Alright, my friends… this post is not for the squeamish, so if you can’t handle the yucky stuff, move on. I have a funny story to share. We had a lovely dinner out this past weekend, and halfway through dessert, I put my hand down on the booth beside me, only to discover something sticky… which I promptly blamed on my son for being messy and dropping his dinner between us. I was wrong. It seemed to be my purse leaking some awkward, yet sweet-smelling substance. Rewind a few days. Heading home from work late and a dear co-worker says, “Here, take this banana home – it’s a little too spotted for my liking”. Yup. Popped it in the purse to empty it later… fast forward to three days of overripening fruit accumulating in the bottom of the handbag. Lightly coating the contents in the thin, fruity film à la rot. Gross. Lesson learned.
Please tell me I’m not alone in this constant battle of trying to keep fresh fruit and veggies crisp and vibrant. Who else fights with avocados and zucchini, willing them to stay around long enough to be eaten? Or “gently reminds” their children not to play with the apples for fear of bruising? Of course, individual consumers are not the only ones who fight the rot. Margaret Barth, author of “Microbiological Spoilage of Fruits and Vegetables,” estimates that of all the product that is grown in the United States, 20% will be lost to spoilage. In Canada, 45% of produced fruits and vegetables are wasted. And 1.4 million kids don’t have access to healthy choices. A sad reality.
And although efforts are being made to rectify these issues, moving forward is prooving to be difficult. I watched a video recently about “American dumpster divers”. Folks who make it their mission to finding the treasures left behind by stores. Now, second generation iphones are one thing to find… but 50 lbs of overripe cherries? How do we save such a rich resource? One lady in the video explained it simply… time. Her crew of helpers wash, cut and process the perfectly-good-but-needing-quick-attention produce to share with those who need it. A job the supermarkets simply can’t take on, and so the dumpster it is. The divers have a worthy cause, although unconventional. How many of us are willing to make the sacrifice? Visions of one slimy purse banana creep into my head.
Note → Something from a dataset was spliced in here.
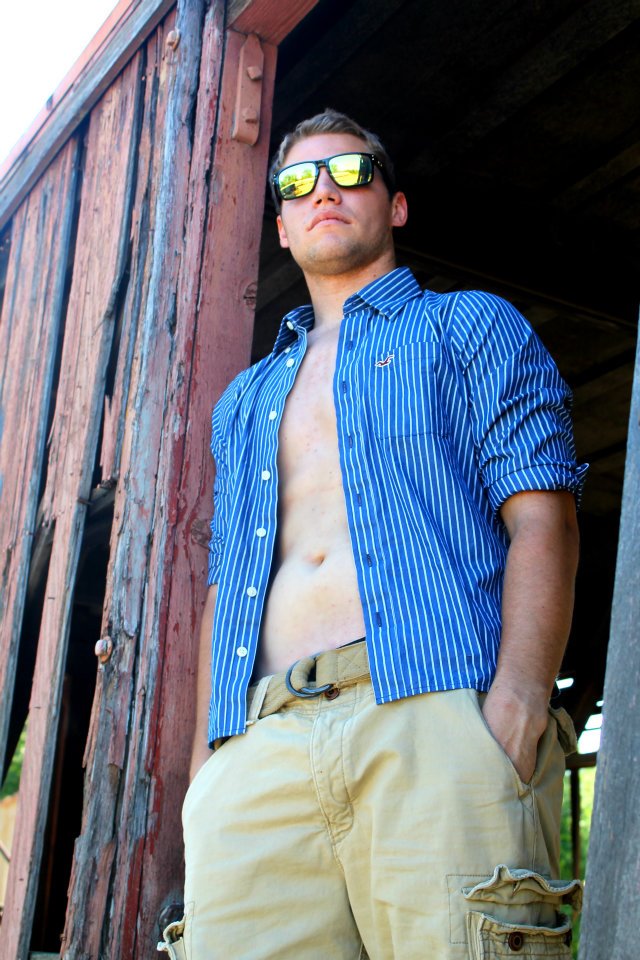 Male model photo shoot of Jeremy  Hornberger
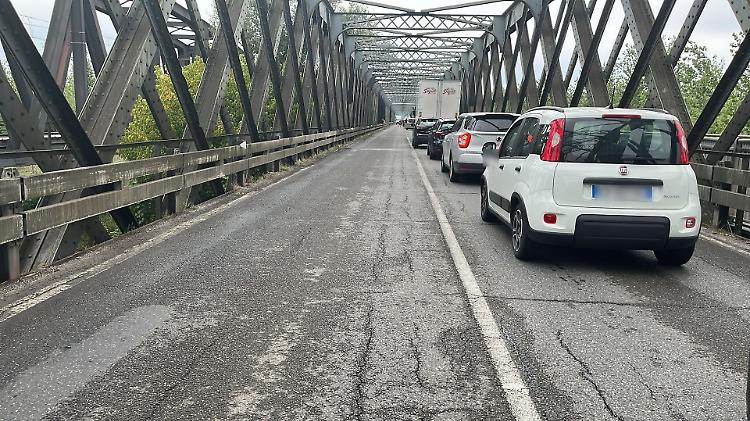 Ponte sul Po: senso unico alternato per la prova di rimozione del manto stradale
And so I muse. What “good intentions” do we have that seem to solve little in this messy world? God created the natural world and humans to co-exsist in perfect harmony. Sin arrived and made it messy. Unfortunately, nothing we can do can restore that perfect connection we had with our Creator. Ephesians 2:8-9 reminds us that it is only through God’s gift of grace are we re-united with Him (perfectly…as He originally intended). None of the “good things” we do can reconnect us. Despite our best efforts, good food still rots. If we work hard and make good choices, we can preserve a larger portion of “fruit” and share the wealth with others who can benefit from our efforts… but ultimately God’s perfect gift of salvation is the only way to an eternity in Heaven.
So next time you pluck out that bruised apple from the fruit basket, or search near the back of the fridge and discover the shrivelled up zuchinni (or dare I say find the left over lunch at the bottom of your purse?) be reminded that our best “fruit” still spoils quickly. The dumpster divers among us can assist in using our resources as best we can. We can help reduce the waste by working together to get the job done before time takes over and everything gets yucky. Ultimately, though, we simply must take the gift God gives us from His pure and perfect garden. And how sweet it is, friends, to taste that perfect offering!